### What to do
Taking the line that contains "Các nhà khoa" as the start and the last line of the data as the end, repeat exactly every line in that span, but no pictures.
>>>>>
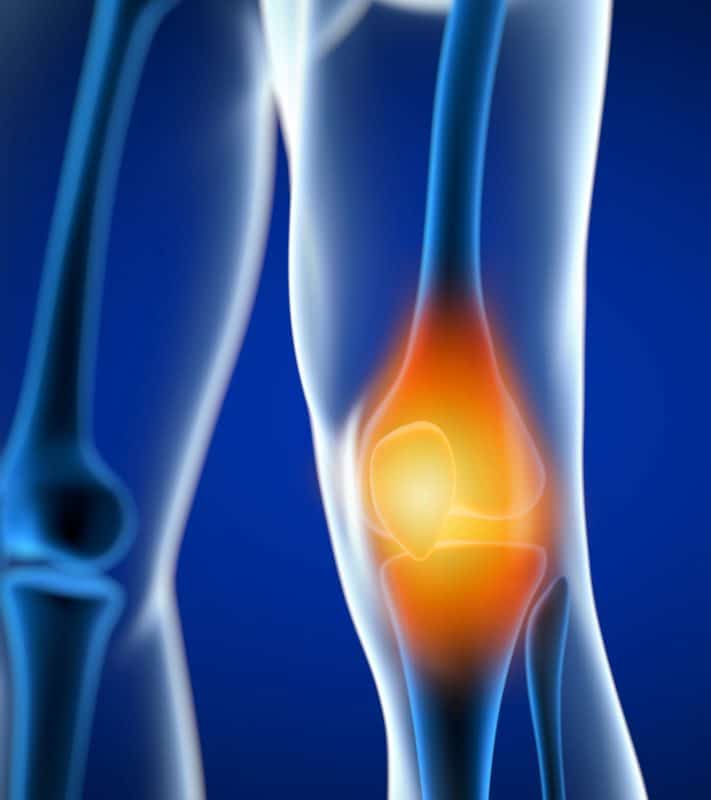 Sore Knee Treatment in Dallas | Knee Specialist | Orthopedic Surgeon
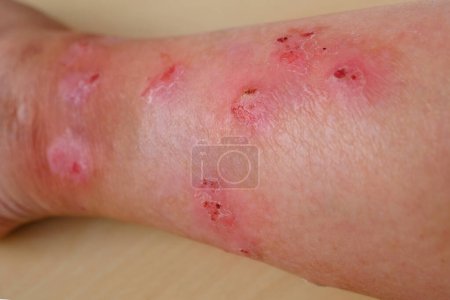 Photo for Closeup weeping wounds, venous ulcers on female leg, diabetes mellitus, varicose veins, healing ulcers by destroying growth factors, eliminating inflammatory process, sanitation pathogenic microflora - Royalty Free Image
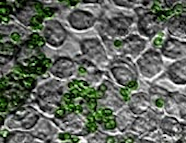 Fluorescence microscopy image of Candida albicans cells (green) adhering to human tissue culture cells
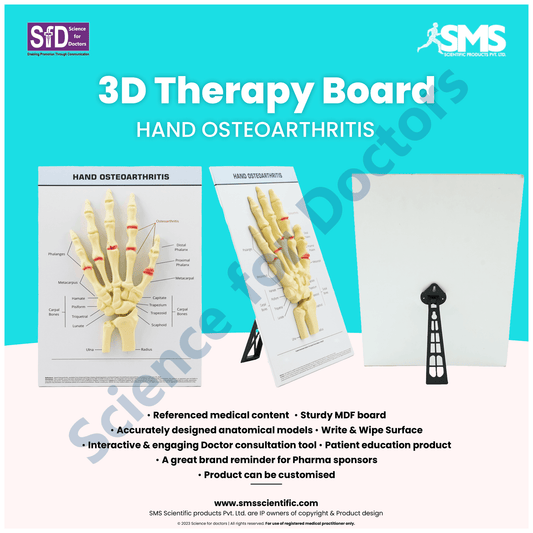 Hand Osteoarthritis: 3D therapy Board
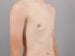 Gynecomastia Patient 02 - After Thumbnail 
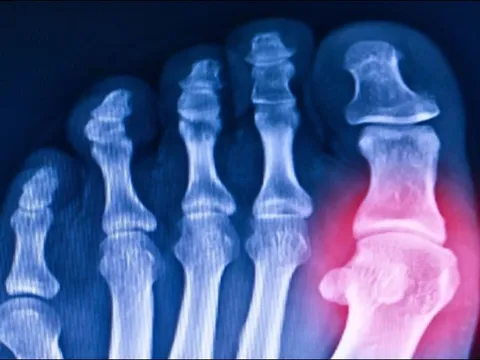 Các nhà khoa học ‘hồi sinh’ gen 20 triệu năm tuổi giúp chống lại bệnh gout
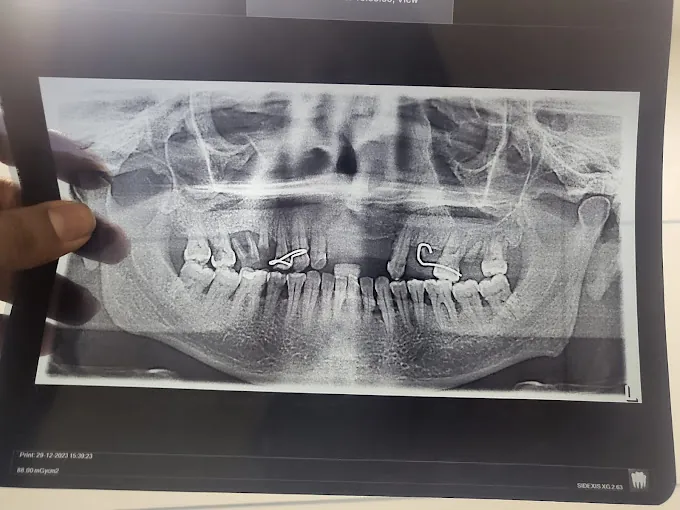 Image of: Vistaa Dental Care And Cosmetic In Perambur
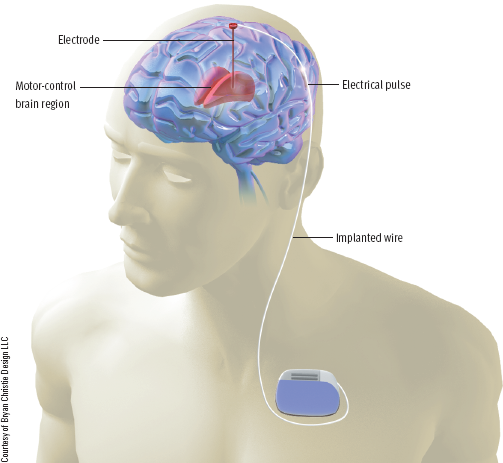 <p>A procedure where a thin electrode is surgically implanted into the brain and connected to a pulse generator to treat motor disturbances or depression.</p>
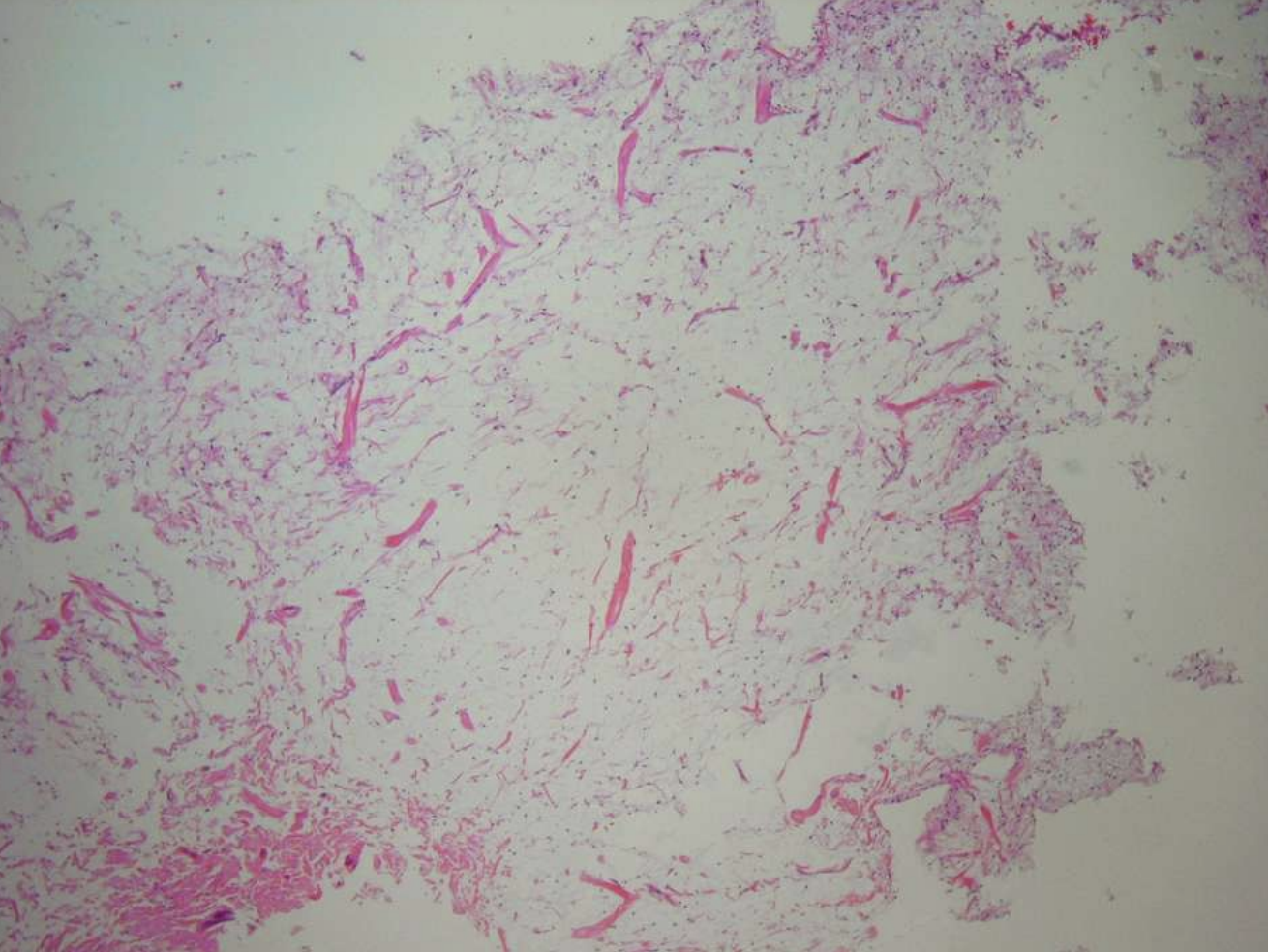 <p>what are histopathologic features of Odontogenic Myxoma?</p>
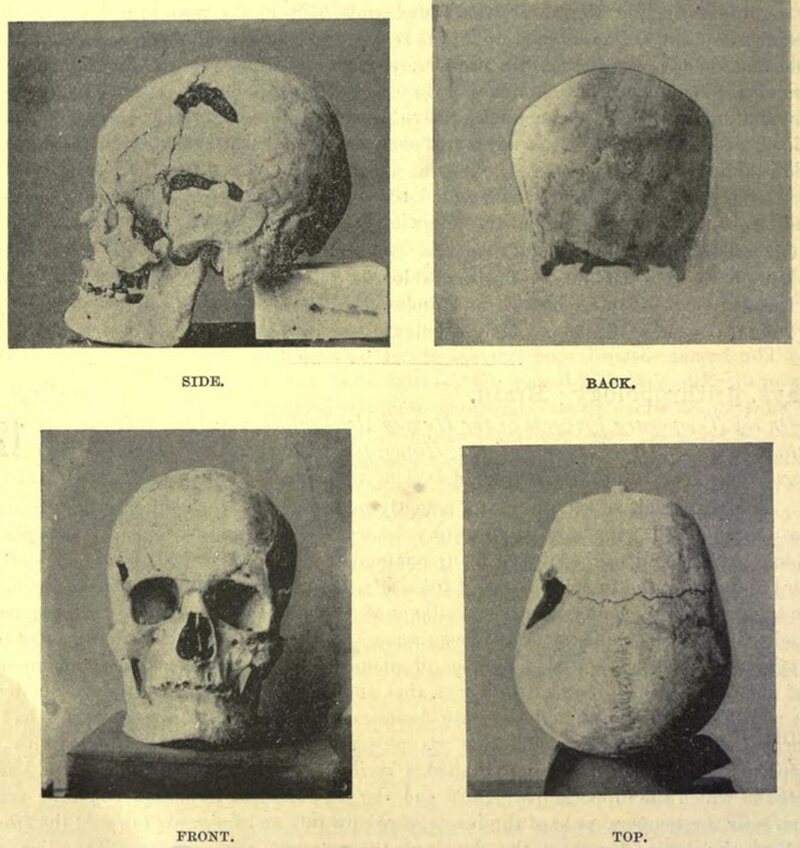 Possible skull of the ancient Egyptian giant-pharaoh, Sa-Nakht.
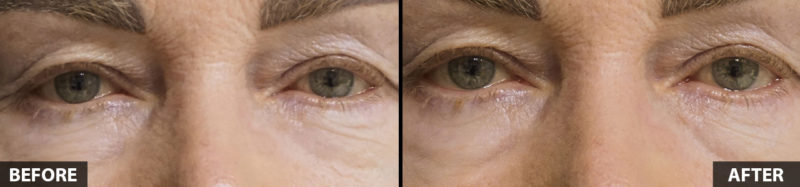 restylane-before-and-after-63yo-female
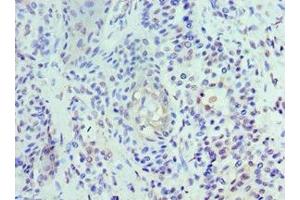 Immunohistochemistry of paraffin-embedded human breast cancer using ABIN7174459 at dilution of 1:100 (UBE2J2 anticorps  (AA 1-230))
<<<<<
### Exercise output
 Các nhà khoa học ‘hồi sinh’ gen 20 triệu năm tuổi giúp chống lại bệnh gout
 Image of: Vistaa Dental Care And Cosmetic In Perambur
 <p>A procedure where a thin electrode is surgically implanted into the brain and connected to a pulse generator to treat motor disturbances or depression.</p>
 <p>what are histopathologic features of Odontogenic Myxoma?</p>
 Possible skull of the ancient Egyptian giant-pharaoh, Sa-Nakht.
 restylane-before-and-after-63yo-female
 Immunohistochemistry of paraffin-embedded human breast cancer using ABIN7174459 at dilution of 1:100 (UBE2J2 anticorps  (AA 1-230))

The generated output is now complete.